Depuis l’arrivée la veille de 8 000 migrants dans l’autre enclave espagnole, à 400 km de là, à Ceuta, les autorités de Melilla ont amplifié la surveillance de leurs frontières. Hors de question qu’un événement similaire se déroule ici. Pedro Sanchez, le Premier ministre espagnol, en déplacement à Melilla, l’a promis : il “protégera les frontières” du pays et “ramènera l’ordre”. Un message sécuritaire pour apaiser une population plutôt inquiète.

“J’ai voté pour lui et maintenant, je le regrette”, explique Tomas*, un jeune espagnol d’une vingtaine d’années qui accueilli le Premier ministre à coups d’insultes. “Je ne veux pas que l’immigration devienne incontrôlable. Je veux plus de sécurité aux frontières”. Même crainte de la part de son amie qui ne veut pas “que Melilla devienne un centre géant pour migrants”.

“1 300 arrivées en 2020, contre 5 000 en 2019”

Des réactions disproportionnées selon les collectifs d’aide aux migrants présents dans l’enclave. “La situation est loin d’être catastrophique”, explique Javier, membre de Servicio Jesuita a Migrantes, un collectif d’aide aux sans-papiers. En 2020, environ 1 300 personnes sont arrivées à Melilla, contre 5 000 arrivées en 2019.
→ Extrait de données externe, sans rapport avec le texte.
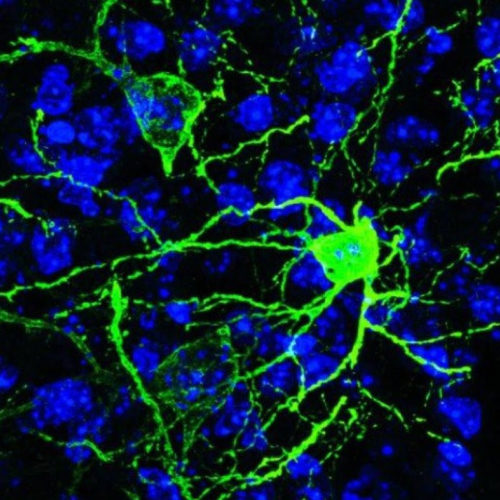 Fear response neurons identified as potential anxiety treatment target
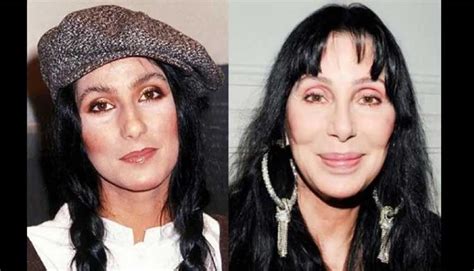 Cher Plastic Surgery Breasts Augmentation Nose Job Facelift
Ici, peu de migrants sont à la rue. Il n’y a pas non plus de campements informels. “Des personnes dorment dans des bâtiments abandonnés, sur la plage, mais c’est loin d’être la majorité”, détaille Javier. Les demandeurs d’asile qui attendent de pouvoir rejoindre le continent sont logés au CETI, le seul centre d’accueil de la petite enclave. Les mineurs isolés sont, eux, dirigés vers des structures spécialement conçues pour eux.

Mardi, 86 Soudanais ont réussi à entrer dans Melilla, ils ont tous été pris en charge par les autorités. Aucun n’a dormi dehors. Ils ont été transférés dans un centre spécial pour respecter une quarantaine obligatoire, puis ils rejoindront le CETI.

“La fermeture des frontières complique la situation”

De plus, les arrivées – bien que quasi-quotidiennes – sont rarement massives, estiment les collectifs. “Les tentatives de passage se font souvent à une trentaine de personnes”, mais rarement au dessus de 100, explique Marta, membre du CEAR, une autre association d’aide aux migrants.

“Les migrants se retrouvent bloqués ici. Mais la situation n’est pas hors de contrôle. C’est compliqué parce que les frontières sont fermées à cause de la pandémie de Covid”. Depuis le mois de mars 2020, les demandeurs d’asile de Melilla sont en effet “bloqués” dans l’enclave. Impossible de les transférer vers le continent espagnol.

Pour Marta, la “déferlante migratoire” relève donc du fantasme. Depuis le début de l’année, la jeune femme estime qu’il y a eu environ 800 arrivées. “C’est un chiffre important, évidemment, mais pas alarmiste. Au CETI, il y a actuellement 1 000 personnes, c’est plus que la capacité maximale de 700 personnes, mais c’est assez bas comparé aux années précédentes. Il y a eu jusqu’à 1 700 migrants en 2019 au CETI”.

“Le gouvernement de Melilla a demandé un déploiement de plus de militaires ici, le long des frontières, juste au ça où. Je ne pense pas que ce soit nécessaire”, estime-t-elle.